N'est-ce pas aux municipalités d’agir ?

Pas seulement. Chacun peut faire sa part. En moyenne, on estime que plus de la moitié de la surface de nature des villes en France est privée. Ainsi, dans l'agglomération de Lyon, ce sont 70 % des espaces verts qui sont privés : jardins de pavillons, cours d'immeubles, jardins d'entreprises, etc. Une goutte d’eau, lorsqu’elle se pose sur le sol, n’a que faire des limites administratives. Chacun peut et doit agir.

Pierre, c’est bien beau tout cela, mais quand il ne pleut pas, que faire ?

Vous avez raison, les précipitations sont parfois critiques. Tout d’abord, récupérons l’eau de pluie. Ensuite, comme l’a annoncé le gouvernement, les projets de réutilisation des eaux usées traitées vont se multiplier, notamment pour l’arrosage des espaces verts. Enfin, protégeons les sols. C’est le socle de vie et la base du rafraichissement végétal, comme l’eau en est la source.

C’est-à-dire ?

C'est l'autre clé. La clé du sol, si vous m'autorisez cette formule. Un sol perméable à l’eau, qui la laisse s’infiltrer, peut conserver de l’humidité et même stocker l’eau lorsqu’elle tombe, souvent de plus en plus fort sur des périodes très courtes. 

Que faire alors, dans notre jardin ?

Résister. Résister à la tentation de tout bétonner pour gagner en facilité. On la connait, cette tentation, face aux surfaces à entretenir, à l’idée de devenir un forçat de la tondeuse. Béton, bitume, bidim, stabilisé, gazon synthétique, dalles, carrelage, platelage, bâches ou que sais-je encore se sont multipliés ces dernières décennies dans les jardins. Bien sûr, nous avons droit à des allées et des espaces plans pour une table, des chaises ou même un bureau en extérieur. Mais la tendance est allée bien au-delà du raisonnable. Les sols ont été imperméabilisés, rendus étanches et la vie qu’ils abritent, comme les vers de terre et toute la microfaune, a été pour partie détruite. Chaque mètre carré imperméabilisé, c’est un sol abimé et c’est une rustine qui empêche l’eau de s’infiltrer. Oui, un sol vivant s’entretient. Oui, un gazon peut devenir tout paillasson à la sortie de l’été, comme le disait ici votre pépiniériste préféré, Bruno Imbert. Mais mieux vaut un paillasson qu'une paroi étanche ! D’autant que, comme nous l’indiquions dans de précédentes chroniques, les alternatives existent.

Tegelwippen

Est-il possible d’inverser cette tendance à la minéralisation des jardins ?
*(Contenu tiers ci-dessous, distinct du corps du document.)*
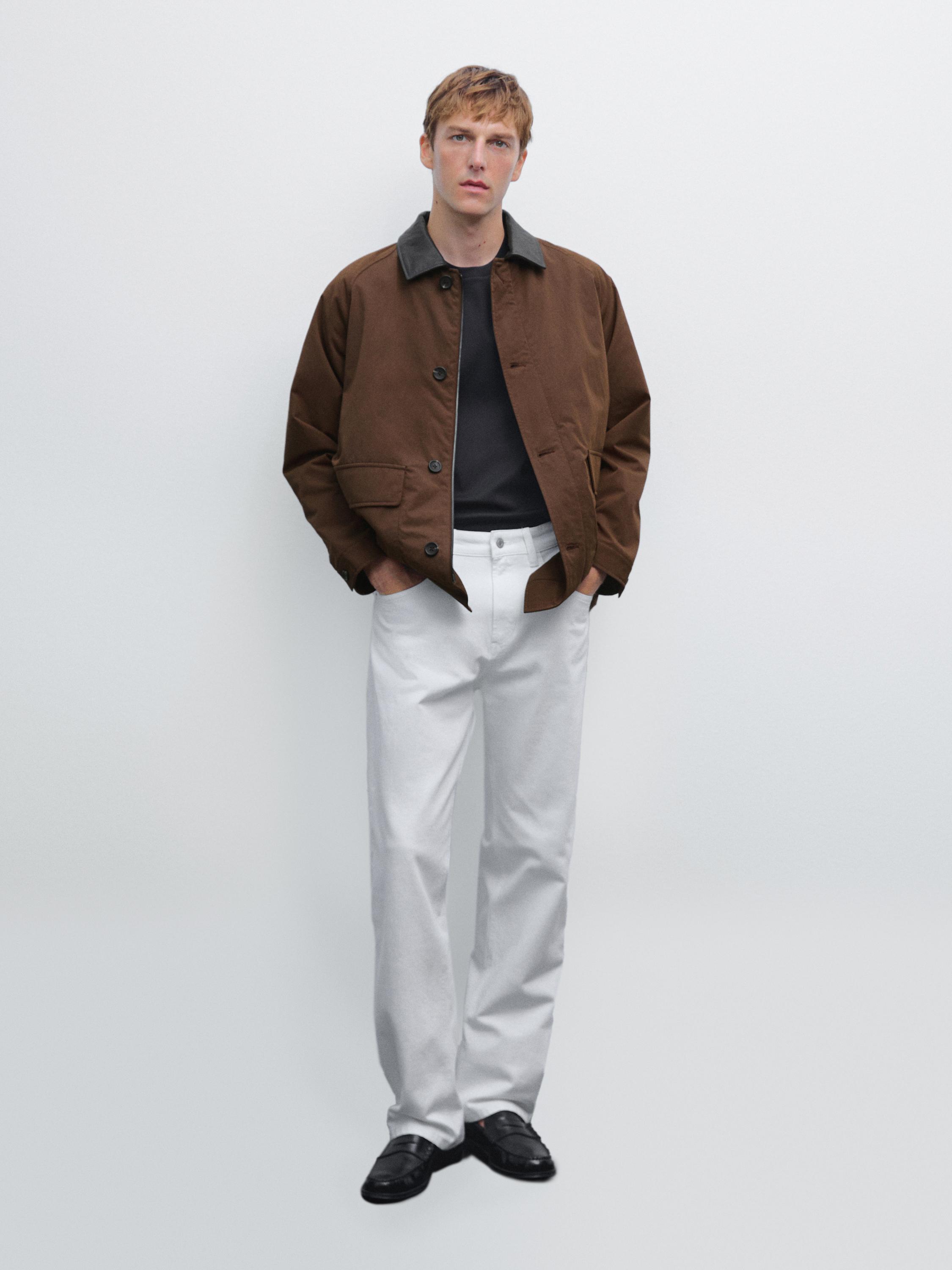 Короткая парка с воротником Massimo Dutti, коричневый
Короткая парка с воротником Massimo Dutti, коричневый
Bien sûr. On résiste à la tentation et on agit pour transformer l’existant. On parle beaucoup en ce moment de débitumer ou de déminéraliser les trottoirs et les cours d’écoles. Concrètement, c’est aussi possible chez nous. Nos voisins du Nord de l’Europe ont une longueur d’avance. Beaucoup de jardins, aux Pays-Bas et en Belgique, sont aménagés avec des dalles, qui ont rendu les sols imperméables. Vous connaissez la suite pour l’eau et la chaleur. Depuis 3 ans, un championnat a lieu à l’automne pour retirer un maximum de dalles et les remplacer par diverses plantations, afin de mieux infiltrer et stocker l’eau de pluie et de ménager une place pour la biodiversité et, ainsi, de contrer une partie des effets du dérèglement climatique et notamment de créer des ilots de fraicheur. Cette compétition s’appelle le Tegelwippen. Cette année, 166 villes néerlandaises s'affrontent. En trois éditions, les hollandais ont retiré plus de 2,8 millions de dalles, remplaçant l'équivalent de 55 terrains de football par de l'herbe, des parterres de fleurs et des arbres. Et tout récemment, la semaine dernière, la ville de Rennes a annoncé sponsoriser la déminéralisation des jardins jusqu’à 30 € / m². Alors, chiche ?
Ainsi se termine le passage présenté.